Saber Khan: Hey everyone. Welcome to createCanvas, a podcast about the Processing education community. I’m your host, Saber Khan, the Education Community Director of Processing Foundation. [intro is the same as above]

This is the first part of our conversation with Aankit Patel, director of STEM Education Programs at the City University of New York. Previously, he was with the New York City Department of Education as the senior director of computer science academics. Here, we talk about how the City of New York is teaching computer science to students and teachers as part of the CS for All program, a program that seeks to provide computer science education to all one million students in New York City public school system.

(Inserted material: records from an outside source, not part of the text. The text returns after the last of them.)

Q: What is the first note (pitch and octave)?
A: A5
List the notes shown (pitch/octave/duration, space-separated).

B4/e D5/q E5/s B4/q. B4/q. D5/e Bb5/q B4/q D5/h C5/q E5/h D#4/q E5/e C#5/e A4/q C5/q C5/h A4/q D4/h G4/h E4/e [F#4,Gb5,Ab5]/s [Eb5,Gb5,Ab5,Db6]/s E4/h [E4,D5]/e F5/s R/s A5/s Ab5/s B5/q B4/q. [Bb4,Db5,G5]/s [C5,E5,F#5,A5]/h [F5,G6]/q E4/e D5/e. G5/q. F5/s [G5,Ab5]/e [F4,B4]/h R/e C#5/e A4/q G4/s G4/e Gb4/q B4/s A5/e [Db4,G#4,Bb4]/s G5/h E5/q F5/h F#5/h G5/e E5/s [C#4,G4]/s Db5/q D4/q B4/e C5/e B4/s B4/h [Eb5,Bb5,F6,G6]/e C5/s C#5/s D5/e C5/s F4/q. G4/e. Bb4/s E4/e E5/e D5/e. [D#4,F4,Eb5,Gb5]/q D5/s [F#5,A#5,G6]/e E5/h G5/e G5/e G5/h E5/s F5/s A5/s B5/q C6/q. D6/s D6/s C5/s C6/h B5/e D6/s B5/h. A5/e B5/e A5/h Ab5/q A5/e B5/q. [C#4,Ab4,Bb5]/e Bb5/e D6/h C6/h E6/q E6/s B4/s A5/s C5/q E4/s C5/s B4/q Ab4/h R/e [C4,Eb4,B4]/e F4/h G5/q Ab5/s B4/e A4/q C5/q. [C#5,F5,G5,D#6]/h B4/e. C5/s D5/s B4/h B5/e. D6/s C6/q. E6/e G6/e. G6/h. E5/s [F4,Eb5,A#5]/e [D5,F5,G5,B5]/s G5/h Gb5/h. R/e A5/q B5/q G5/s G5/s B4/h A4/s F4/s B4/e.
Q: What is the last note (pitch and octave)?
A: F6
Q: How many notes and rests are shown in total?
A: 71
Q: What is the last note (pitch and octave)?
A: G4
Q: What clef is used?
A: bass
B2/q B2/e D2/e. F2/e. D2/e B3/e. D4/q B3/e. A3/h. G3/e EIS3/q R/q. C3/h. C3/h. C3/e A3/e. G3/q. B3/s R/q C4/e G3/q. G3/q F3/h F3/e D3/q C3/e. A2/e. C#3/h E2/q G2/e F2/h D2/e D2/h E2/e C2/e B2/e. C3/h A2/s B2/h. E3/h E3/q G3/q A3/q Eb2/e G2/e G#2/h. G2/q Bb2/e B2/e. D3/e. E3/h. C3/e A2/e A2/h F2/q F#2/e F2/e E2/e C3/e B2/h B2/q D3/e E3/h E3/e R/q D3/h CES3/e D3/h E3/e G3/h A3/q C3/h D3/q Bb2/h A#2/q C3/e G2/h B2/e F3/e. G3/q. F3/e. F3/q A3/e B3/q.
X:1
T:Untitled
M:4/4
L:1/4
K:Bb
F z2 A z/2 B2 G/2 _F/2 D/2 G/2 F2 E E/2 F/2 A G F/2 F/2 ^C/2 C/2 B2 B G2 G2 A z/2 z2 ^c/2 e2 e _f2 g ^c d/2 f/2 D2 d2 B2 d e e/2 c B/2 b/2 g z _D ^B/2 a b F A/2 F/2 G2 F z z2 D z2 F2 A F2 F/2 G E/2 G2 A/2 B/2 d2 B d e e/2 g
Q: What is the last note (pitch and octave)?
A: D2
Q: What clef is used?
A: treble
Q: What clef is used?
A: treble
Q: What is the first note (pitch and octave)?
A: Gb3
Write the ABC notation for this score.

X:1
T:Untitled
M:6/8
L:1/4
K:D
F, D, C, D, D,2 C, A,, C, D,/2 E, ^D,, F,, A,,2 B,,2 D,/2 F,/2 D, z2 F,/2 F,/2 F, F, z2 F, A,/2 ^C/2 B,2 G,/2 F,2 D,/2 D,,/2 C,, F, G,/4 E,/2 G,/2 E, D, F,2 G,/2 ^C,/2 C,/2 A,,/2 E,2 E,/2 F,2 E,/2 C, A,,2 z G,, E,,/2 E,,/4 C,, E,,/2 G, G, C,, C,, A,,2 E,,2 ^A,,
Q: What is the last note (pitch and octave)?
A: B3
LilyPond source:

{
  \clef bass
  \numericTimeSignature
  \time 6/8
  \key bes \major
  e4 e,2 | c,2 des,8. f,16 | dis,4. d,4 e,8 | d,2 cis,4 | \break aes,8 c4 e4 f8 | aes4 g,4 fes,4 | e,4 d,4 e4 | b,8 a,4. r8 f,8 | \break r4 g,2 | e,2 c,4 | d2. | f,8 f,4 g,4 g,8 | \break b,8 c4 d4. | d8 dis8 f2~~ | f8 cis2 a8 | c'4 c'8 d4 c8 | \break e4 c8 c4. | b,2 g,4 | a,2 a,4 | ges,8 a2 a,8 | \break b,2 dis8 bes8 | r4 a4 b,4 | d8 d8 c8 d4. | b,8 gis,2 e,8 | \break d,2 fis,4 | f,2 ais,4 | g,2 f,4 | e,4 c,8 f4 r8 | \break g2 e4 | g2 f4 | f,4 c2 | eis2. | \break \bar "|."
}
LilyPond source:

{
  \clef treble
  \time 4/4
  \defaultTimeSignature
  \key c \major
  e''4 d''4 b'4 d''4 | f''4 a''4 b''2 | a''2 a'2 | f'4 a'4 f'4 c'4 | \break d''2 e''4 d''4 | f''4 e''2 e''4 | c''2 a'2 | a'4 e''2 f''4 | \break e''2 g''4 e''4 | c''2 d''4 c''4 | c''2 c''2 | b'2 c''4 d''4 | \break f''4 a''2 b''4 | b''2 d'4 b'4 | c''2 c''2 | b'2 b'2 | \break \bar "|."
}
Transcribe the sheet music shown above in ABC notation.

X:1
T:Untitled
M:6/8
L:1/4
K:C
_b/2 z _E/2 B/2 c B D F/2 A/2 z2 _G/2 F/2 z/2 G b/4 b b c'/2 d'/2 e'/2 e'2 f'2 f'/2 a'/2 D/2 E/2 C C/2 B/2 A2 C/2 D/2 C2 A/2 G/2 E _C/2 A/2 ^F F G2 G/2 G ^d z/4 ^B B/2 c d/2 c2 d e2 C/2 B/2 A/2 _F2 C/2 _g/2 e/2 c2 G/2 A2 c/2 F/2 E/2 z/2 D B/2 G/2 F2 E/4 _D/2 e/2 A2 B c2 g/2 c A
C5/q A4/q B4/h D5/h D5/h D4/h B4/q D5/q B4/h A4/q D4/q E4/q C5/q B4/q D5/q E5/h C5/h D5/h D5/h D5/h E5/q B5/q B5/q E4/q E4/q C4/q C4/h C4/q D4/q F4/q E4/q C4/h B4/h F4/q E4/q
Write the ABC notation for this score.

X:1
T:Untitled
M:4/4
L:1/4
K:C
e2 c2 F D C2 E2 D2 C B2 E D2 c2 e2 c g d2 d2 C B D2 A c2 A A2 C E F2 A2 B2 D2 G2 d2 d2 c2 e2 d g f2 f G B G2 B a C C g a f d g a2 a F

You can find the second part of the episode [in April] and other episodes on the createCanvas SoundCloud and wherever you download podcasts. By the way, these interviews are part of our new feature on our website processingfoundation.org called the Education Portal. The portal will have education materials and resources available for free.

Aankit, do you want to introduce yourself?

Aankit Patel: Yeah, sure. I am the Senior Director of computer science academics at the New York City Department of Education. My work revolves around developing curriculum and professional development for teachers K-12, and partnering with outside organizations to bring computing and computer science into every single New York City public school, in a way that will really prepare students to not just be computer programmers and software engineers, but to be citizens of the world that involves computing in really significant ways.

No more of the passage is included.